Biodiversidad
Los árboles de los bosques europeos están muriendo y estos son los motivos
Científicos franceses desvelan las claves de una mortalidad prematura debida a varios motivos

Los árboles de los bosques europeos mueren cada vez más prematuramente / CREAF

Los árboles mueren en Europa cada vez con mayor frecuencia de forma prematura. Un estudio centrado en los bosques franceses revela que no solo la sequía, sino también las primaveras inusualmente cálidas o húmedas, aumentan la mortalidad forestal. Los resultados, afirman los investigadores, son aplicables también a los países del entorno.
Hayas con hojas marrones en verano, abetos marchitos por la plaga del escarabajo de la corteza, árboles quebrados por una fuerte tormenta: en toda Europa, desde hace unos 20 años se observan indicios de que cada vez mueren más árboles prematuramente. En algunas regiones del continente, el estado de los bosques es incluso peor que en la década de 1980, cuando la contaminación atmosférica causó graves daños a los árboles en determinadas zonas.
Un equipo internacional, liderado conjuntamente por el Laboratorio de Ciencias del Clima y del Medio Ambiente de Francia y el Instituto Federal Suizo de Investigación WSL, ha analizado en detalle los datos del Inventario Forestal Francés correspondientes al periodo 2015-2023. Los investigadores buscaban identificar patrones en los datos que pudieran explicar la muerte de los árboles, y los datos demostraron claramente que existe una explicación.
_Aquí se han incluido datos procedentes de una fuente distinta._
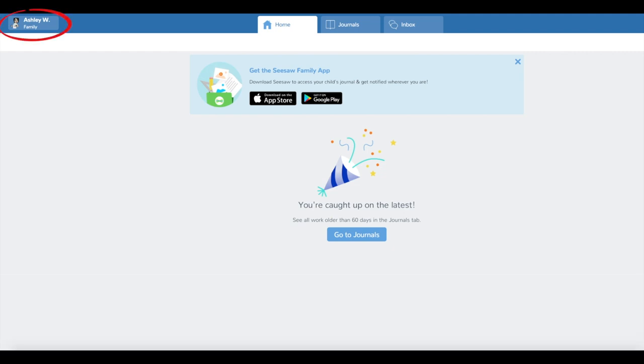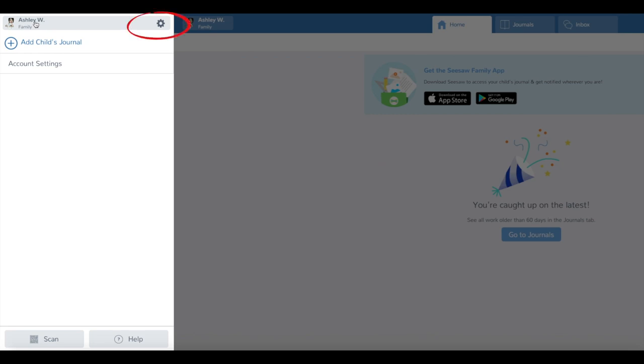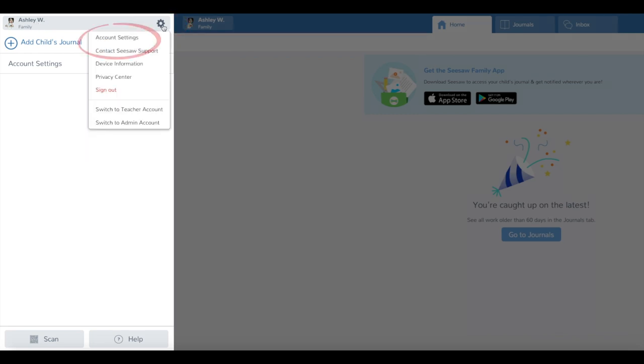Click on your profile icon, click on the gear icon, click on account settings.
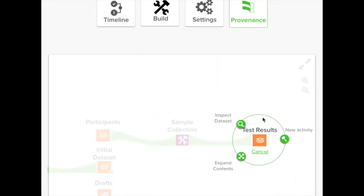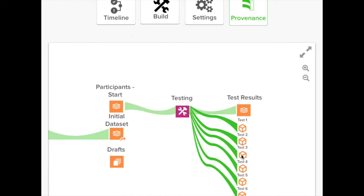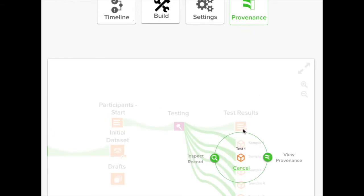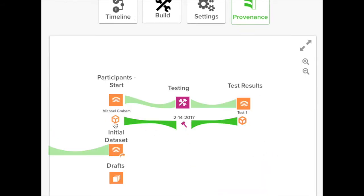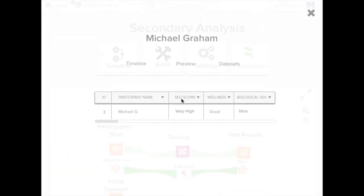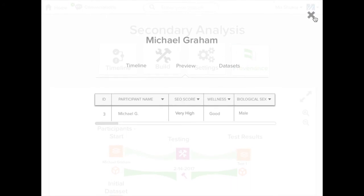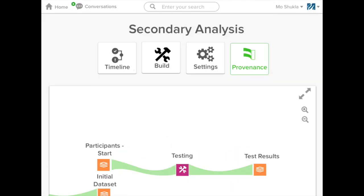Our unique provenance graph connects all your activities into a single comprehensive story, and you can instantly see every input and output all the way to the beginning of the project.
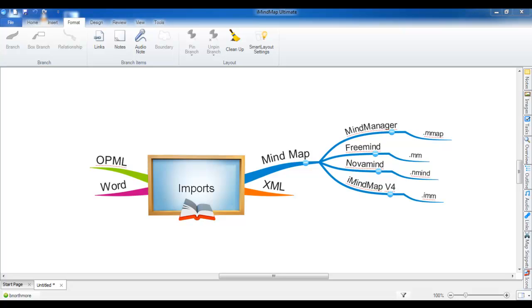Hello, welcome to the import tutorial for iMindMap. Import is a way for you to get files from other formats into iMindMap so you can begin mapping.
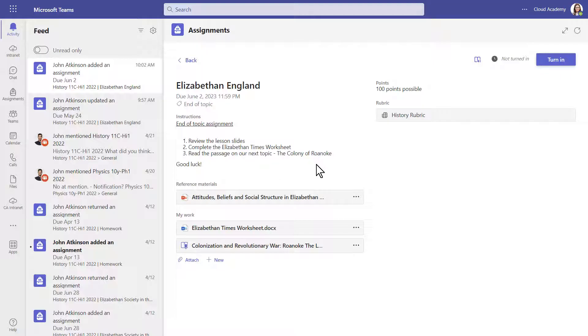If materials are added for reference, you can click on them and view them directly from Teams. If you have any work to complete, you can open it directly in Teams. It will allow you to edit the work as well.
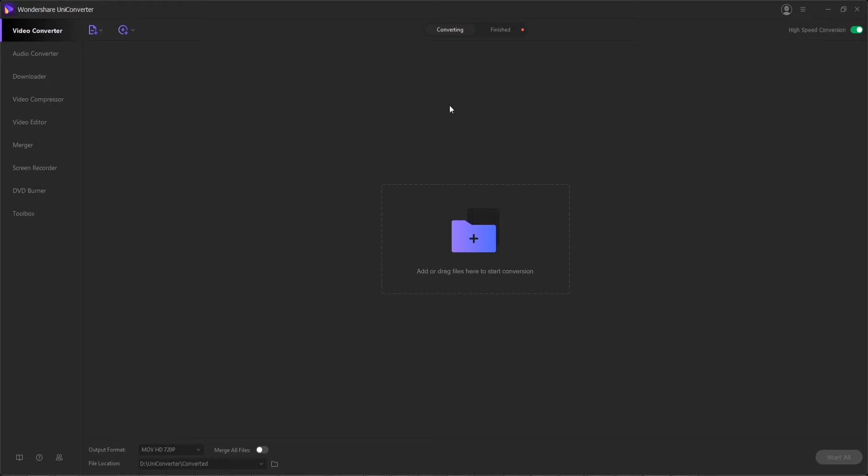Wondershare Uniconverter supports more than a thousand formats and can be considered one of the best conversion programs available to date. Here's how you can use Wondershare Uniconverter to convert the source footage of your liking to your favorite format with a few easy steps.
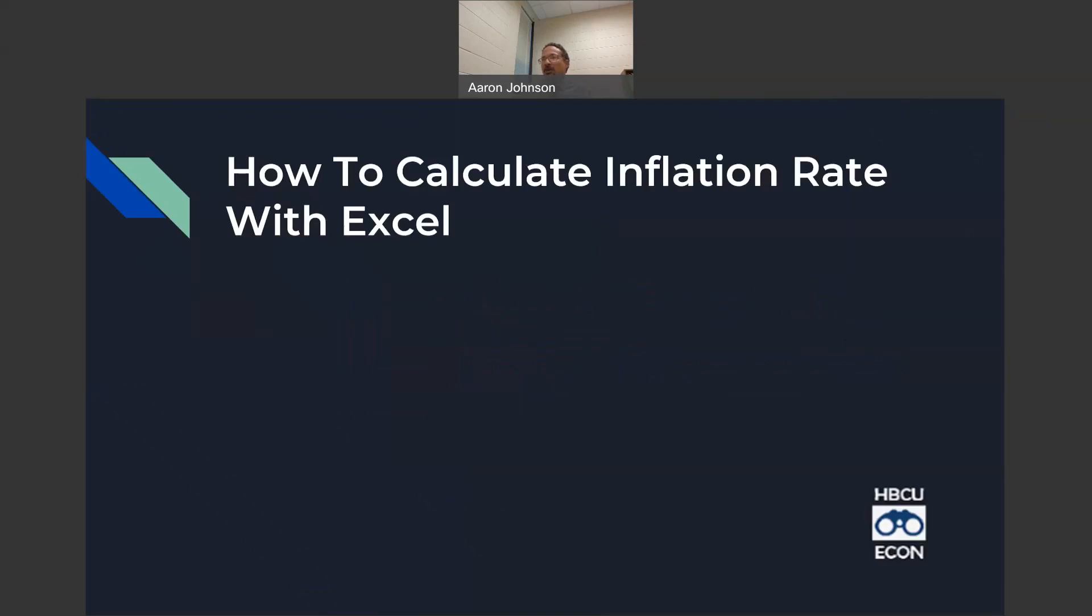So the question we're going to talk about today is how to calculate the inflation rate with Excel. One of the reasons why you want to be able to use Excel is once you set up the formulas in the spreadsheet, it's going to make your life so much easier. Let's say you have a homework assignment with multiple problems dealing with inflation, or maybe you're taking a quick quiz online. Using Excel, once you've got everything set up, it's going to make it much quicker for you to do that.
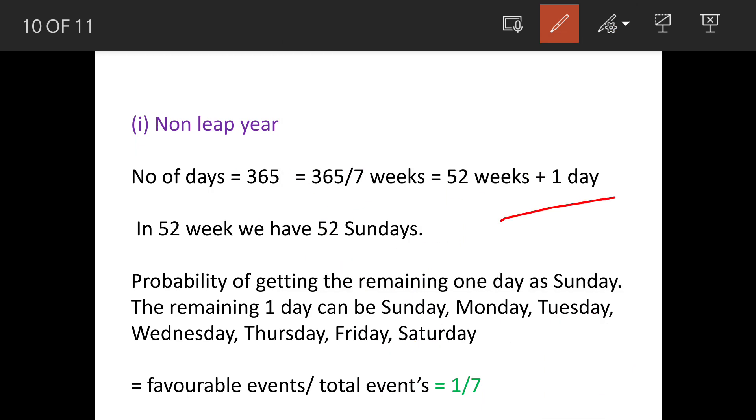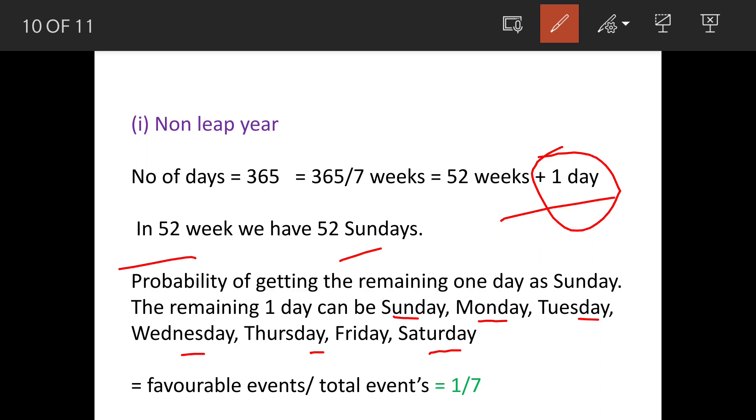So now these 52 weeks, we will definitely have 52 Sundays. Now we have one day available here, and in this one day the possibility is either of the day. So the chances or probability of having 53rd Sunday.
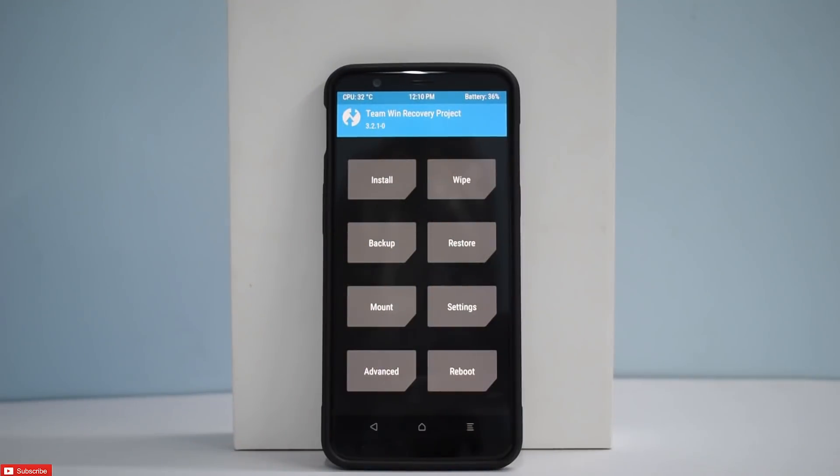Before we begin, if you haven't already, check out the latest giveaway that we have — there's a chance to win a brand new Xiaomi Redmi Note 5 Pro. Like, share and subscribe if you haven't already. Without further ado, welcome to Smartphone Tutorials — let the flashing begin.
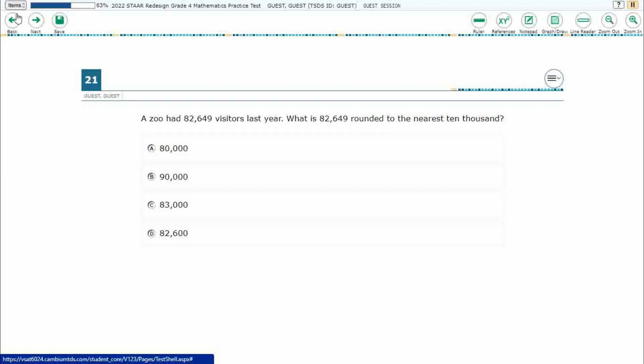A zoo had 82,649 visitors last year. What is 82,649 rounded to the nearest 10,000?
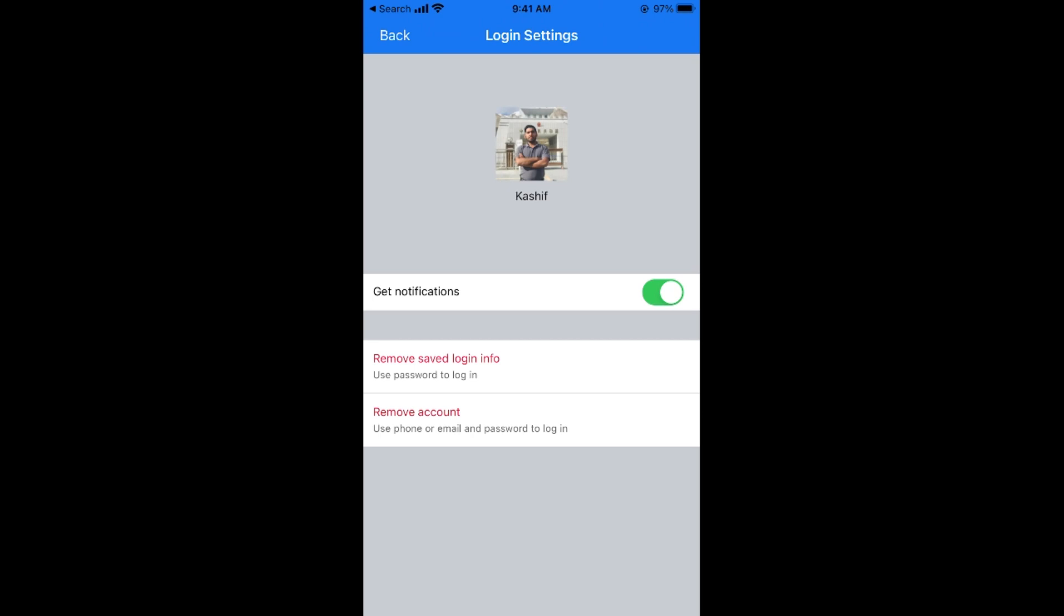So this is how you log out from your account on Facebook on iPhone. But before you go please like, subscribe and share. Thank you.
Un pino muerto en un bosque / fotocommunity
El equipo demostró que, además del tamaño del árbol y las condiciones de competencia, las desviaciones del clima estacional habitual fueron un factor clave en la mortalidad de los árboles en Francia. Además, realizaron un descubrimiento sorprendente: incluso las condiciones de crecimiento ideales, como las primaveras cálidas y húmedas, pueden aumentar el riesgo de muerte de los árboles.
En particular, los árboles de gran altura, como el abeto blanco, mueren en mayor cantidad tras estas condiciones de crecimiento aparentemente favorables. Los investigadores sospechan que estos árboles crecen con más vigor de lo normal durante dichas primaveras.
Esto aumenta su demanda de agua y los hace más vulnerables en cuanto las condiciones se vuelven secas. Al mismo tiempo, esto significa que consumen más agua del suelo a principios de año. Si luego le sigue un verano seco, las reservas de agua en el suelo ya están agotadas y los árboles experimentan estrés hídrico con mayor rapidez —explica Pascal Schneider, estudiante de doctorado en WSL y autor principal del estudio—. Además, las primaveras lluviosas podrían facilitar el crecimiento de patógenos como los hongos, debilitando aún más a los árboles.
«Nuestros resultados demuestran que no es solo una ‘sequía de verano’ la que causa problemas a los árboles. Dependiendo de la especie, una escasez de agua en gradual aumento puede tener un mayor impacto que una sequía corta e intensa, o viceversa», afirma Schneider.

El estudio, centrado en Francia, es aplicable a los demás países de su entorno / Agencias
Pero no es solo la sequía de verano la que puede afectar a los árboles. Los inviernos inusualmente suaves también pueden ser problemáticos, ya que las plagas sobreviven mejor a temperaturas invernales más altas. Las primaveras cálidas pueden aumentar aún más el riesgo, ya que la brotación se produce antes, lo que hace que las hojas jóvenes sean más susceptibles a las heladas tardías. Por lo tanto, los árboles mueren debido a una combinación de anomalías climáticas, y no solo por eventos extremos aislados.
Menos agua, menos árboles
En la práctica forestal, esto significa que los futuros planes de plantación deberían priorizar los árboles resistentes a la sequía procedentes de regiones del sur, tanto de poblaciones de especies ya utilizadas como al seleccionar nuevas. Además, los silvicultores deben tener en cuenta que, en el futuro, los bosques generalmente tendrán menos agua disponible en verano, según Schneider.
Los árboles grandes que consumen mucha agua deberían eliminarse del rodal un poco antes para que los demás ejemplares sigan recibiendo suficiente agua. Clarear la masa forestal también desempeñaría un papel importante, especialmente tras periodos de buenas condiciones de crecimiento. Esto garantizaría que los escasos recursos hídricos fueran suficientes para la masa forestal restante.
El Inventario Forestal Francés resultó especialmente adecuado para esta investigación. La base de datos abarca 500.000 árboles de 52 especies diferentes. Francia presenta prácticamente todas las condiciones geográficas y climatológicas de Europa, desde climas mediterráneos hasta alpinos. Por consiguiente, los resultados de este estudio pueden aplicarse a otras regiones de Europa, permitiendo adaptar la gestión forestal en consecuencia.